**Task details:** Would you please copy the part of the material below that opens with the line containing "vidaXL vidaXL Stolik" and closes with the line containing "Flora Nikrooz Madison"? Copy it exactly, and only it.

**Data provided:**

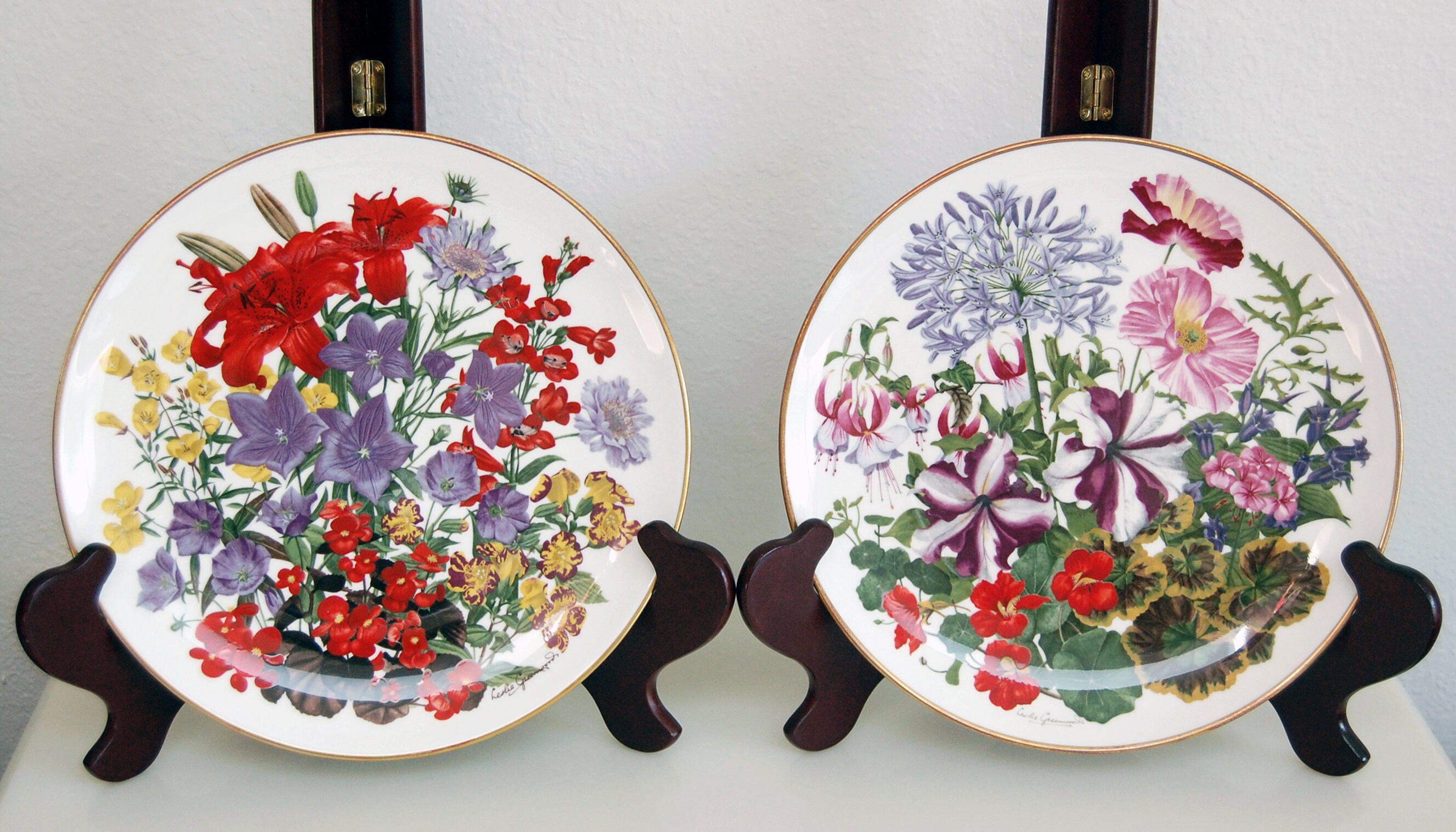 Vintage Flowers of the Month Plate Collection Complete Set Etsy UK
==
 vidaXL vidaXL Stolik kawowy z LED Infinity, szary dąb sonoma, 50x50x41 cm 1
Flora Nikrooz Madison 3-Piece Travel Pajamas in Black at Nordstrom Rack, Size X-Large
* * *
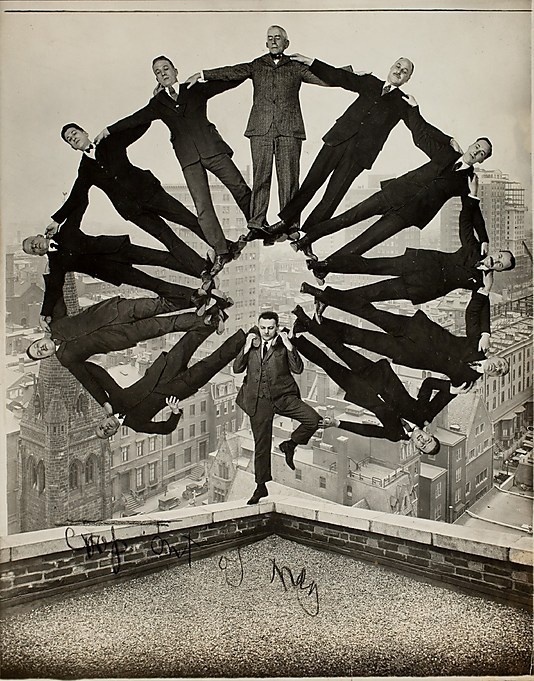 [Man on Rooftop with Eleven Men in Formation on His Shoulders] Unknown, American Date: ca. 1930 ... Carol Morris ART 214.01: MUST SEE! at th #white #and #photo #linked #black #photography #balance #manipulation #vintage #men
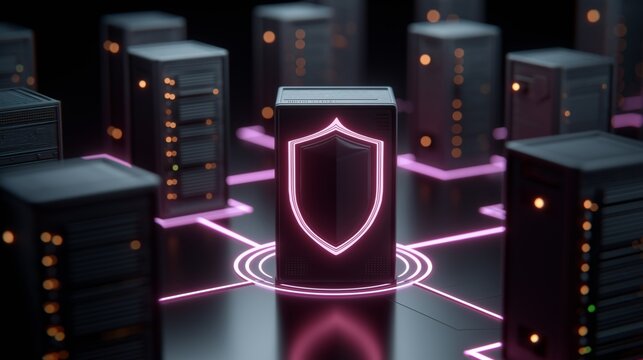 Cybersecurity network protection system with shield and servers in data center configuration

**Completed task:**
 vidaXL vidaXL Stolik kawowy z LED Infinity, szary dąb sonoma, 50x50x41 cm 1
Flora Nikrooz Madison 3-Piece Travel Pajamas in Black at Nordstrom Rack, Size X-Large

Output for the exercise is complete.